* Your instructions *
Transcribe the listing below word for word but skip its images.

---------------

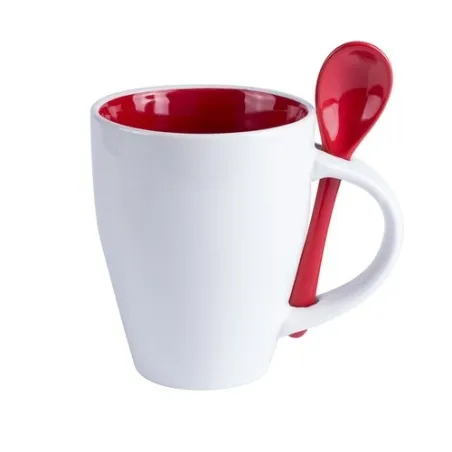 Tasse en céramique personnalisée Cotes Matières : acier inoxydable Couleurs : blanc personnalisable avec votre logo
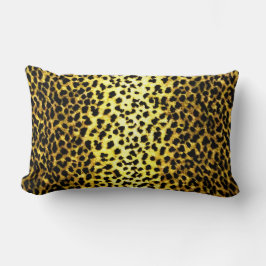 Leopard Print Tapes Lendenkissen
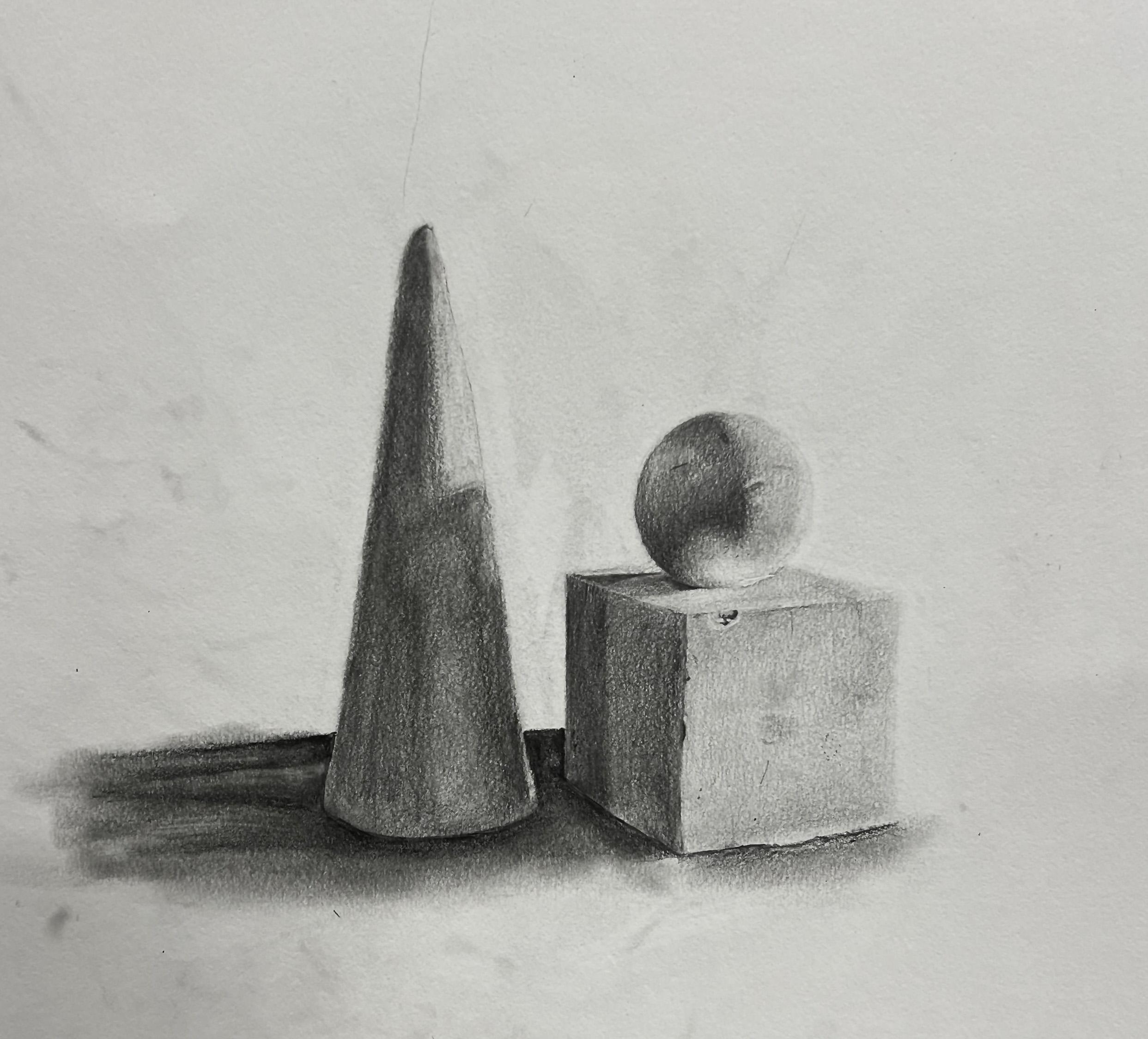 Sierra Neudorfer  / Sierra Neudorfer, Form and Space, 18x24", pencil on paper 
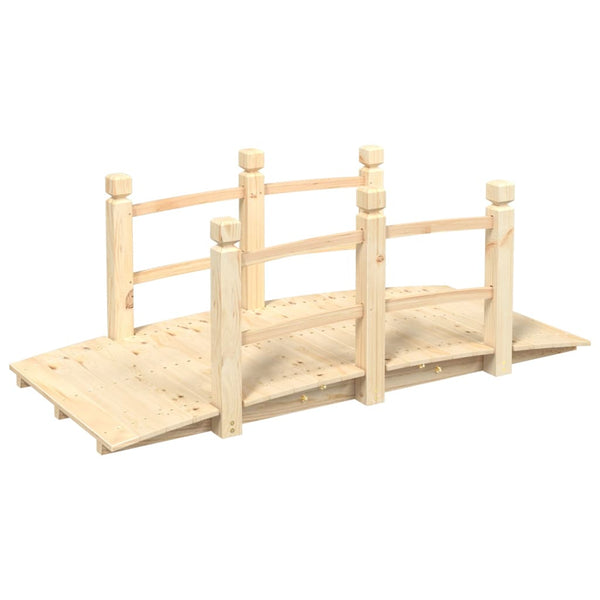 vidaXL Pont de jardin avec garde-corps 150x67x56 cm Bois de sapin massif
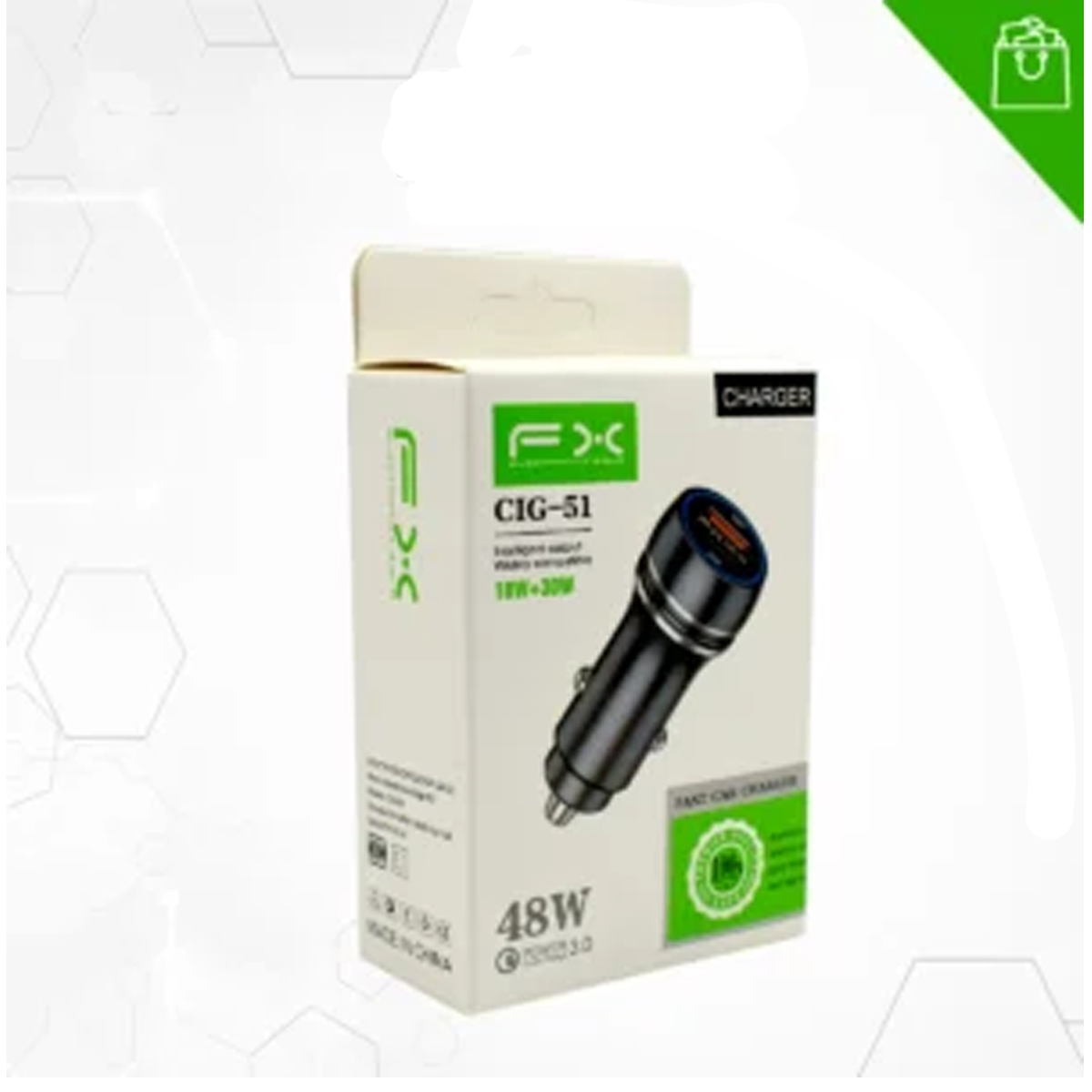 cargador par carro tipo c y usb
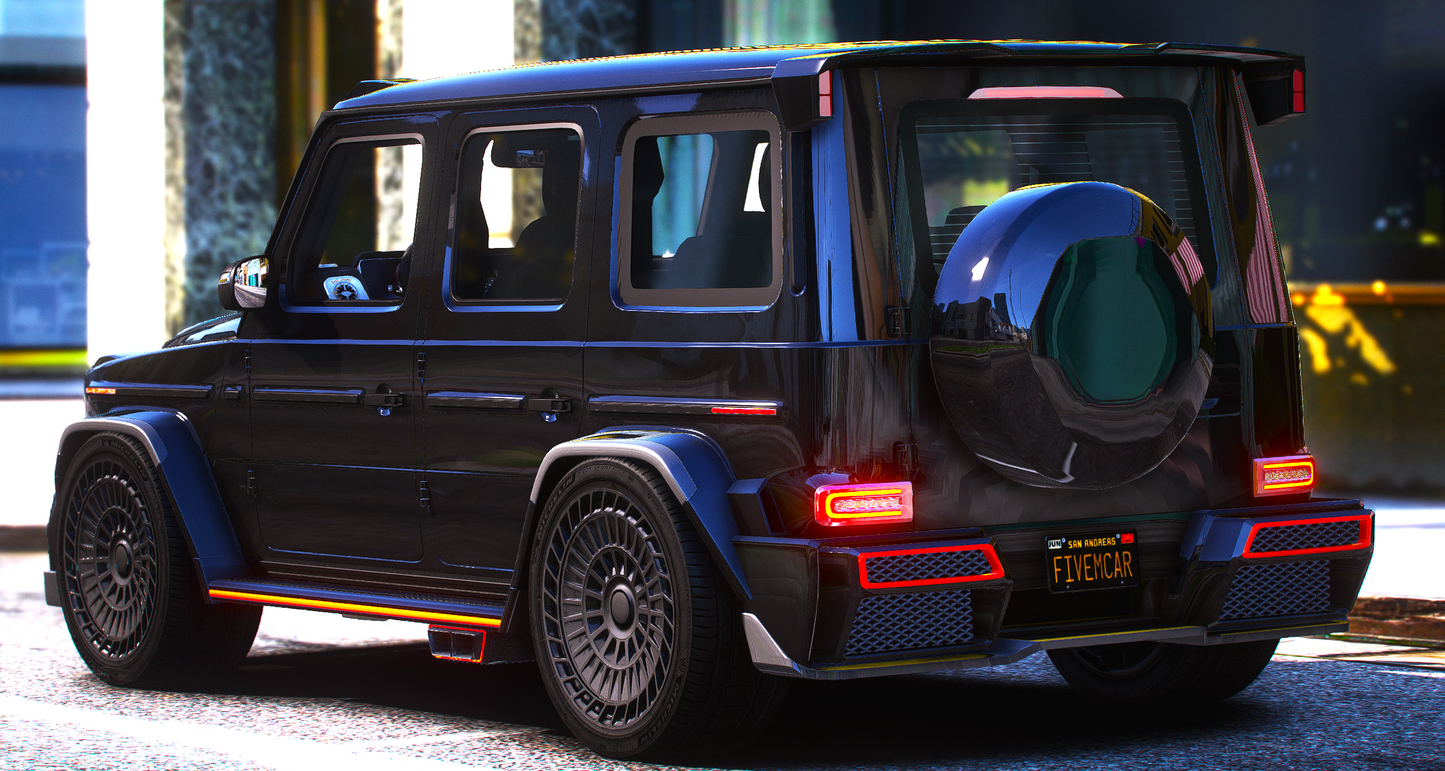 (Debadged) 2022 Mercedes G63 "Monolith" | Mykes Customs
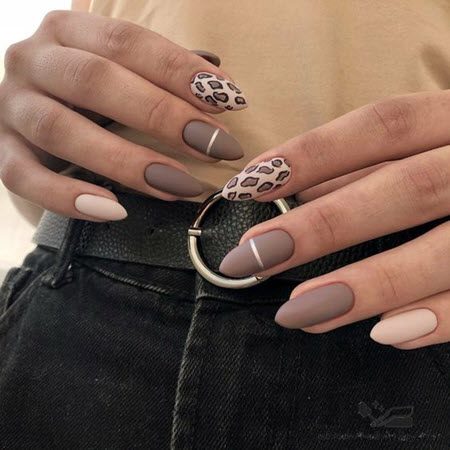 Дизайн ногтей гель-лаком 2021: фото модных тенденций красивого маникюра #118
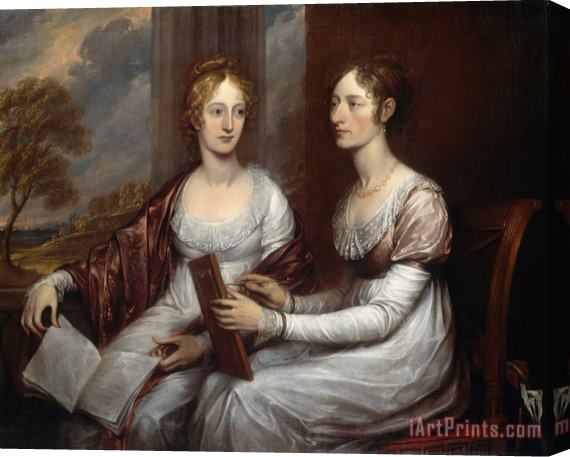 John Trumbull The Misses Mary And Hannah Murray Stretched Canvas Print / Canvas Art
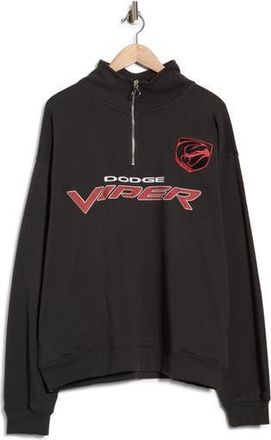 Goodie Two Sleeves Dodge Viper Half Zip Sweatshirt in Grey at Nordstrom Rack, Size Xx-Large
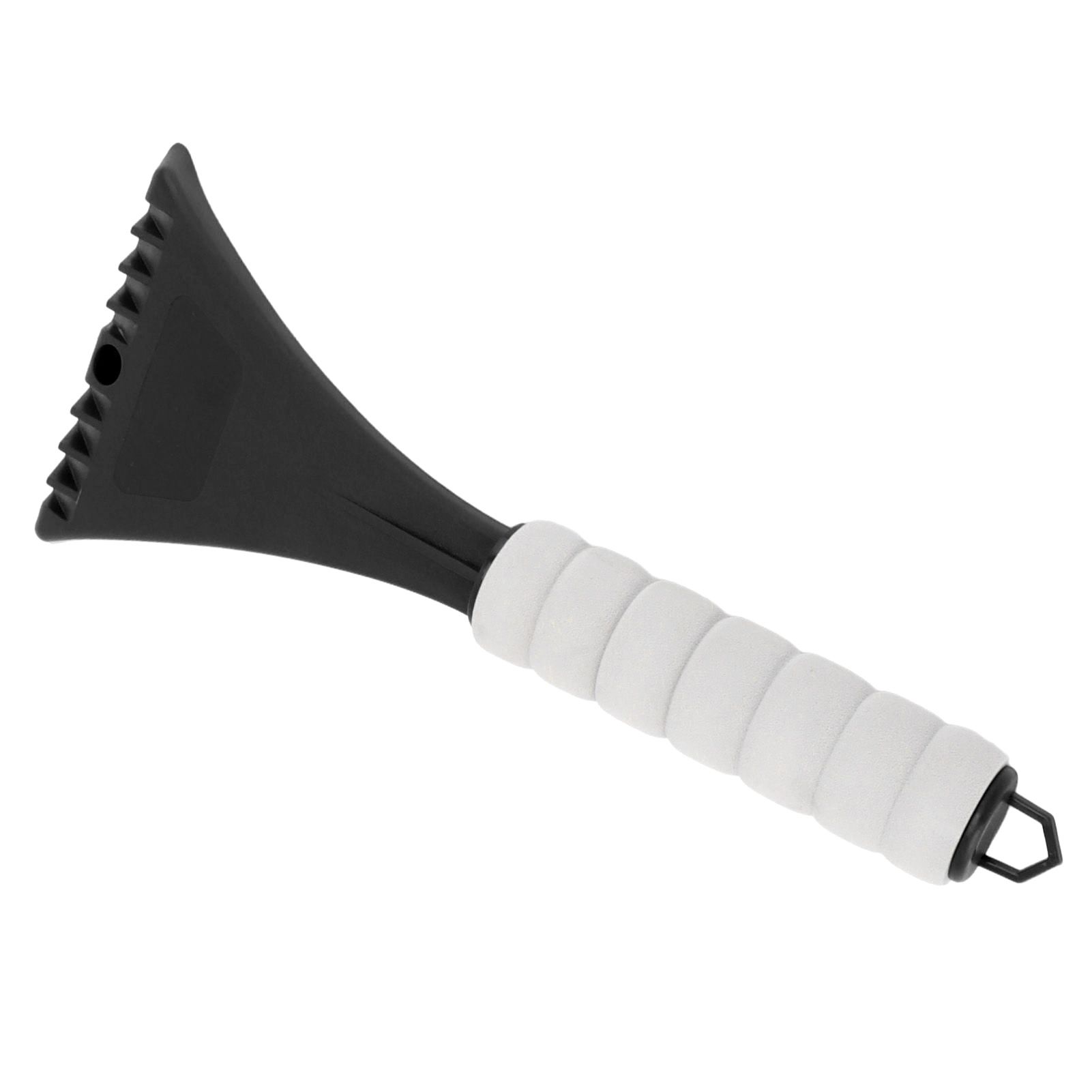 Car Windshield Shovel EVA Ergonomic Handle Rounded Corner Safe Portable Car Ice Scraper for Vehicle Outdoor Snow Black — image 3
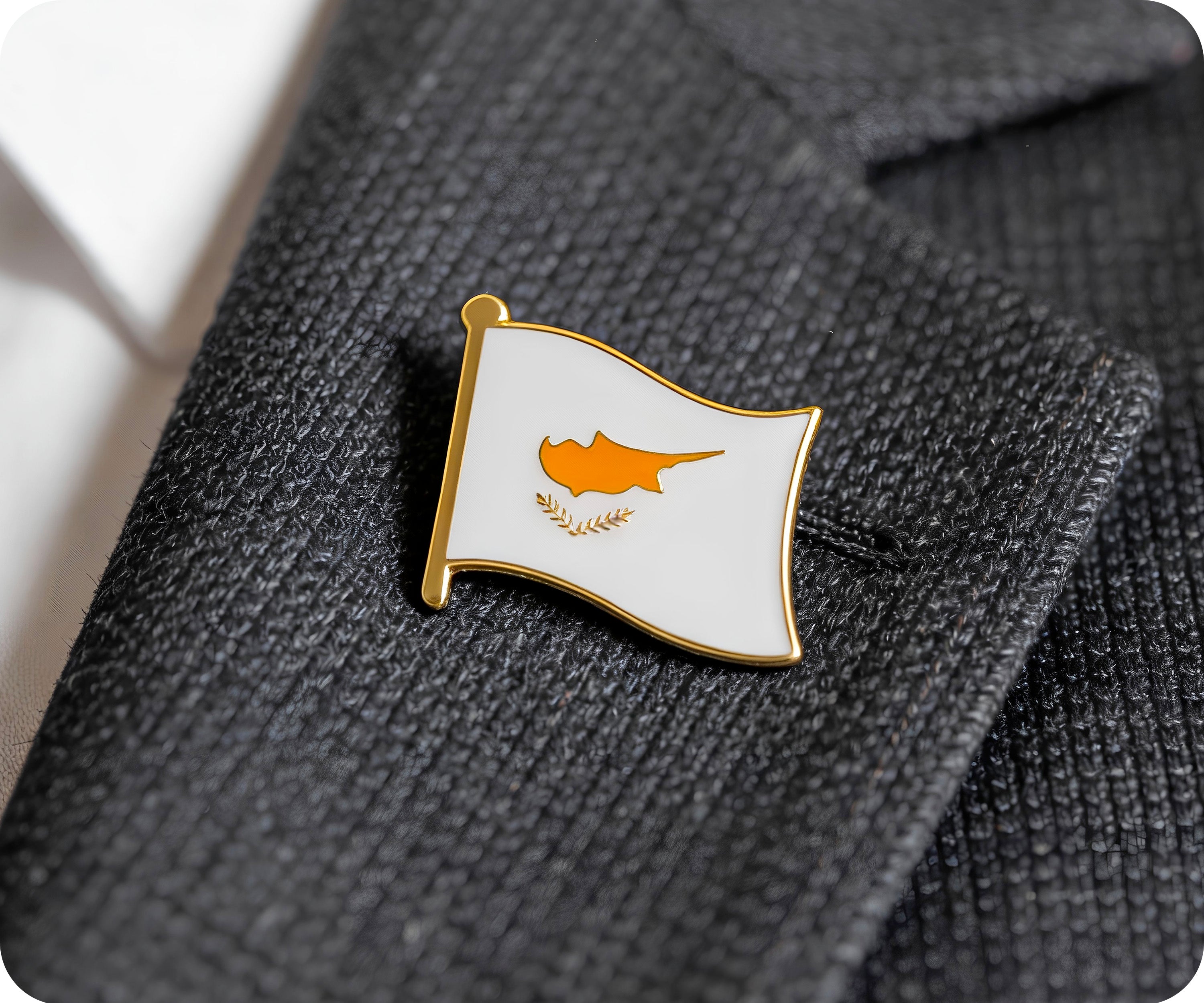 Cyprus Flag Pin Badge Secondary image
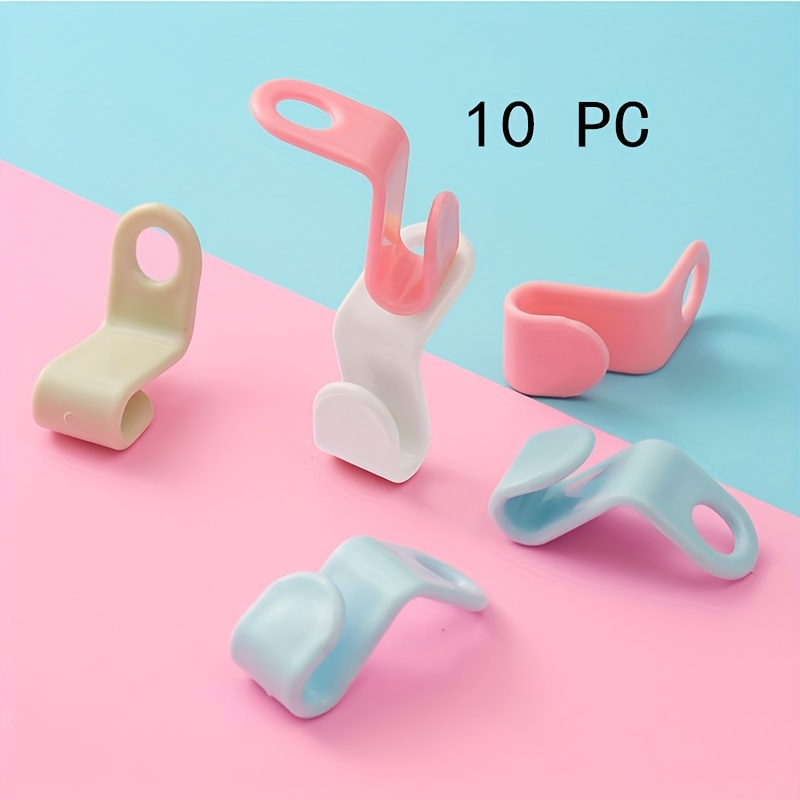  Clothes Hanger Connector Hooks 4 Colors Cascading Hanger Hooks  Heavy Duty Space Saving Connecting Buckle Hooks for Hanger Extender Clips  Plastic Connection Hooks for Closet Organizer (800 Pcs) : Home & Kitchen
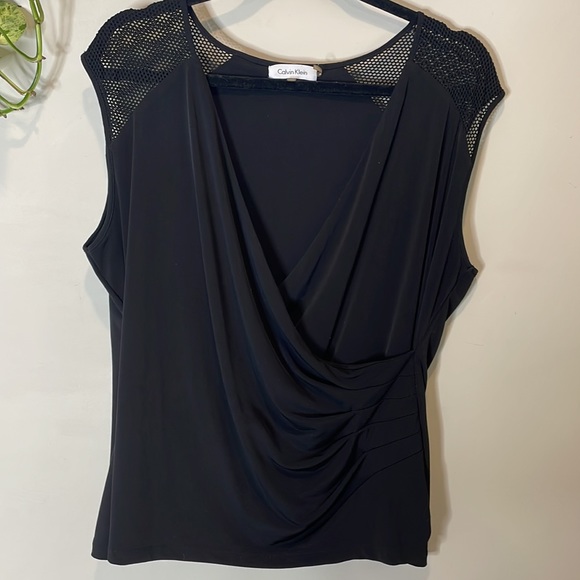 Calvin Klein BLACK TOP size 0X - Picture 1 of 11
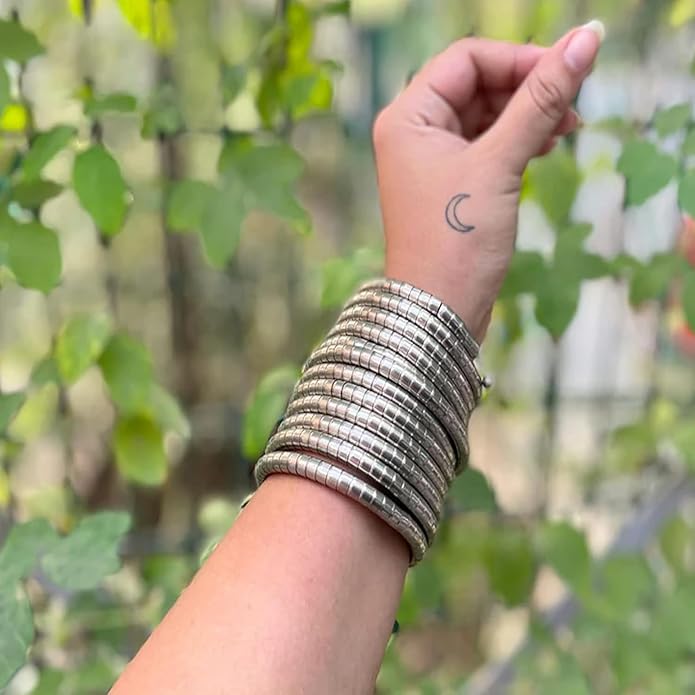 Silver Wrap Encasement Bangle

---------------

* Result for this exercise *
 Tasse en céramique personnalisée Cotes Matières : acier inoxydable Couleurs : blanc personnalisable avec votre logo
 Leopard Print Tapes Lendenkissen
 Sierra Neudorfer  / Sierra Neudorfer, Form and Space, 18x24", pencil on paper 
 vidaXL Pont de jardin avec garde-corps 150x67x56 cm Bois de sapin massif
 cargador par carro tipo c y usb
 (Debadged) 2022 Mercedes G63 "Monolith" | Mykes Customs
 Дизайн ногтей гель-лаком 2021: фото модных тенденций красивого маникюра #118
 John Trumbull The Misses Mary And Hannah Murray Stretched Canvas Print / Canvas Art
 Goodie Two Sleeves Dodge Viper Half Zip Sweatshirt in Grey at Nordstrom Rack, Size Xx-Large
 Car Windshield Shovel EVA Ergonomic Handle Rounded Corner Safe Portable Car Ice Scraper for Vehicle Outdoor Snow Black — image 3
 Cyprus Flag Pin Badge Secondary image
  Clothes Hanger Connector Hooks 4 Colors Cascading Hanger Hooks  Heavy Duty Space Saving Connecting Buckle Hooks for Hanger Extender Clips  Plastic Connection Hooks for Closet Organizer (800 Pcs) : Home & Kitchen
 Calvin Klein BLACK TOP size 0X - Picture 1 of 11
 Silver Wrap Encasement Bangle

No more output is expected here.